Und deshalb müssen wir klarstellen: Unsere Werte der Freiheit, der Würde des Menschen, Gleichberechtigung, die Freiheit der Religion und der sexuellen Orientierung sind nie und durch niemandem verhandelbar. Das wird auch ein Präsident Trump lernen und annehmen müssen, so wie wir nun nicht die beleidigten Besserwisser sein dürfen, sondern ihn als den vermutlich mächtigsten Mann der Welt annehmen müssen.
Menschliche Größe besteht nicht darin, jemandem den Handschlag zu verweigern, sondern ihm in die Augen zu blicken und zu sagen, wofür man steht - ohne zu verletzen und ohne Überheblichkeit.
Die USA sind eine der mächtigsten Nationen der Welt und Deutschland als eine der stärksten Nationen Europas muss daran interessiert sein, das nicht aufzukündigen, was viele große Männer und Frauen auf amerikanischer und deutscher Seite so mühsam und über eine so lange Zeit gemeinsam aufgebaut haben: eine unerschütterliche Freundschaft, die sich durch Hass und schlechten Stil ebenso wenig kaputt machen lassen darf wie durch Arroganz und Hybris.
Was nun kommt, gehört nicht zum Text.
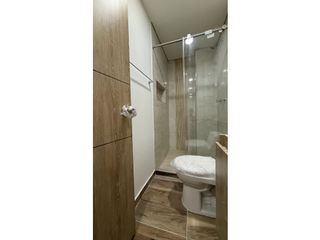 Foto 3 de APARTAMENTOS BARRIO J VARGAS- VENTA SOBRE PLANOS
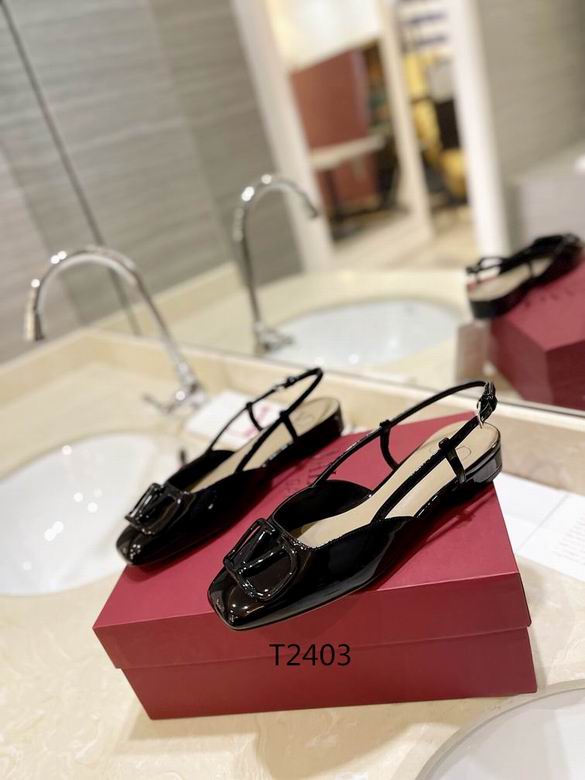 Valentino sz35-41 n0302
Trump ist nicht unser Wunschpräsident, aber er ist Präsident. Wir sollten ihm auf Augenhöhe begegnen aber nicht von oben herab. Denn dank des besten politischen Systems der Welt, der Demokratie, steht Trump nicht für Trump, sondern für Millionen von amerikanischen Bürgern. Sie sind unsere Freunde und werden unsere Freunde bleiben.

Stellungnahme
Populismus ist
nicht die Antwort

MdB Sabine Dittmar (SPD) äußerte sich gegenüber der Heimatzeitung schriftlich zum Wahlsieg Donald Trumps in den USA:
Auch wenn ich immer noch tief erschüttert bin: Das Ergebnis der Wahl in den USA müssen wir als Demokraten respektieren. Gleichzeitig dürfen wir in Europa die Gefahr, die vom Rechtspopulismus ausgeht, nicht unterschätzen. Was noch vor wenigen Jahren undenkbar erschien, kann schnell Realität werden. Das zeigt das Beispiel Trump, der im Übrigen all die Errungenschaften der Demokratie verachtet und im Wahlkampf mit Füßen getreten hat, die mir überaus wichtig sind: Gleichberechtigung, Weltoffenheit, eine solidarische Gesellschaft, stabile soziale Sicherungssysteme und vieles mehr.
Für uns bedeutet das, dass es heute besonders wichtig ist, Politik mit Überzeugung und Weitsicht zu machen. Rechter Populismus wird nicht durch populistische Gegenmodelle entzaubert, sondern durch gerechte und soziale Politik, die gut und verständlich vermittelt wird.